Schema contract for feature rows (v1).

Holds the canonical column list, computes a deterministic schema hash, and validates individual rows or DataFrames against the contract.

Source code in src/taskclf/core/schema.py

@dataclass(frozen=True, eq=False)
class FeatureSchemaV1:
    """Schema contract for feature rows (v1).

    Holds the canonical column list, computes a deterministic schema hash,
    and validates individual rows or DataFrames against the contract.
    """

    VERSION: ClassVar[Final[str]] = "v1"
    COLUMNS: ClassVar[Final[dict[str, type]]] = _COLUMNS_V1
    SCHEMA_HASH: ClassVar[Final[str]] = _build_schema_hash(_COLUMNS_V1)

    # -- single-row validation ------------------------------------------

    @classmethod
    def validate_row(cls, data: dict[str, Any]) -> FeatureRowBase:
        """Validate *data* as a ``FeatureRow`` and verify schema metadata.

        Args:
            data: Raw dict of field values (e.g. from JSON or ``model_dump()``).

        Returns:
            The validated ``FeatureRow``.

        Raises:
            ValueError: If pydantic validation fails, or ``schema_version`` /
                ``schema_hash`` do not match the current contract.
        """
        row = FeatureRow.model_validate(data)
        if row.schema_version != cls.VERSION:
            raise ValueError(
                f"schema_version mismatch: expected {cls.VERSION!r}, "
                f"got {row.schema_version!r}"
            )
        if row.schema_hash != cls.SCHEMA_HASH:
            raise ValueError(
                f"schema_hash mismatch: expected {cls.SCHEMA_HASH!r}, "
                f"got {row.schema_hash!r}"
            )
        return row

    # -- DataFrame-level validation -------------------------------------

    @classmethod
    def validate_dataframe(cls, df: pd.DataFrame) -> None:
        """Check that *df* conforms to the v1 column contract.

        Args:
            df: DataFrame to validate (typically built from ``FeatureRow.model_dump()``).

        Raises:
            ValueError: If columns are missing, unexpected columns are present,
                or pandas dtype kinds do not match the expected Python types.
        """
        expected = set(cls.COLUMNS)
        actual = set(df.columns)

        missing = expected - actual
        if missing:
            raise ValueError(f"Missing columns: {sorted(missing)}")

        extra = actual - expected
        if extra:
            raise ValueError(f"Unexpected columns: {sorted(extra)}")

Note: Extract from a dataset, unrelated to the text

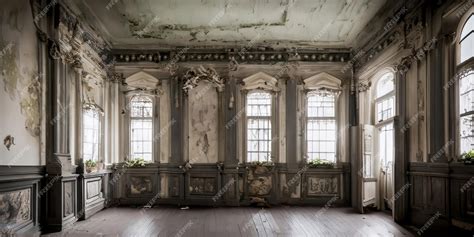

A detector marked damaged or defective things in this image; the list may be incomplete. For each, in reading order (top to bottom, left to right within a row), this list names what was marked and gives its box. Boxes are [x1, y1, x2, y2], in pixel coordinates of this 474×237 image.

peeling wall paint [0, 0, 41, 166]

        _check_dataframe_dtypes(df, cls.COLUMNS)

`validate_row(data)` `classmethod` ¶

Validate data as a FeatureRow and verify schema metadata.

Parameters:

Name	Type	Description	Default
`data`	`dict[str, Any]`	Raw dict of field values (e.g. from JSON or `model_dump()`).	required

Returns:

Type	Description
`FeatureRowBase`	The validated `FeatureRow`.

Raises:

Type	Description
`ValueError`	If pydantic validation fails, or `schema_version` / `schema_hash` do not match the current contract.

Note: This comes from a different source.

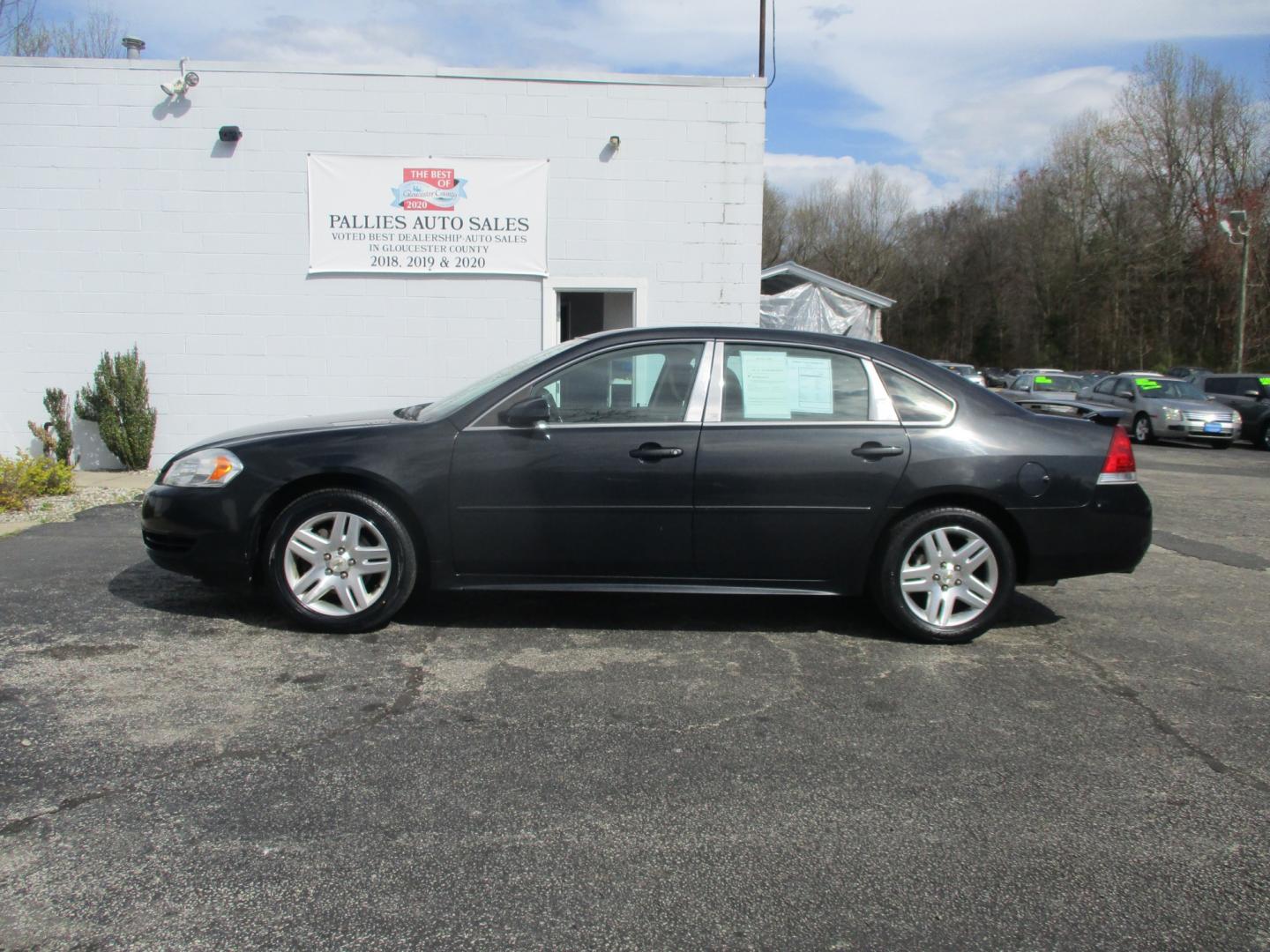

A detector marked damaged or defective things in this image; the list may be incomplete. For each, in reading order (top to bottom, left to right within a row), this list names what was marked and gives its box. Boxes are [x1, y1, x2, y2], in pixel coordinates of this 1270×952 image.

cracked pavement [2, 444, 1270, 949]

Source code in src/taskclf/core/schema.py

@classmethod
def validate_row(cls, data: dict[str, Any]) -> FeatureRowBase:
    """Validate *data* as a ``FeatureRow`` and verify schema metadata.

    Args:
        data: Raw dict of field values (e.g. from JSON or ``model_dump()``).

    Returns:
        The validated ``FeatureRow``.

    Raises:
        ValueError: If pydantic validation fails, or ``schema_version`` /
            ``schema_hash`` do not match the current contract.
    """
    row = FeatureRow.model_validate(data)
    if row.schema_version != cls.VERSION:
        raise ValueError(
            f"schema_version mismatch: expected {cls.VERSION!r}, "
            f"got {row.schema_version!r}"
        )
    if row.schema_hash != cls.SCHEMA_HASH:
        raise ValueError(
            f"schema_hash mismatch: expected {cls.SCHEMA_HASH!r}, "
            f"got {row.schema_hash!r}"
        )
    return row

`validate_dataframe(df)` `classmethod` ¶

Check that df conforms to the v1 column contract.

Parameters:

Name	Type	Description	Default
`df`	`DataFrame`	DataFrame to validate (typically built from `FeatureRow.model_dump()`).	required

Raises:

Type	Description
`ValueError`	If columns are missing, unexpected columns are present, or pandas dtype kinds do not match the expected Python types.

Source code in src/taskclf/core/schema.py

@classmethod
def validate_dataframe(cls, df: pd.DataFrame) -> None:
    """Check that *df* conforms to the v1 column contract.

    Args:
        df: DataFrame to validate (typically built from ``FeatureRow.model_dump()``).

    Raises:
        ValueError: If columns are missing, unexpected columns are present,
            or pandas dtype kinds do not match the expected Python types.
    """
    expected = set(cls.COLUMNS)
    actual = set(df.columns)

    missing = expected - actual
    if missing:
        raise ValueError(f"Missing columns: {sorted(missing)}")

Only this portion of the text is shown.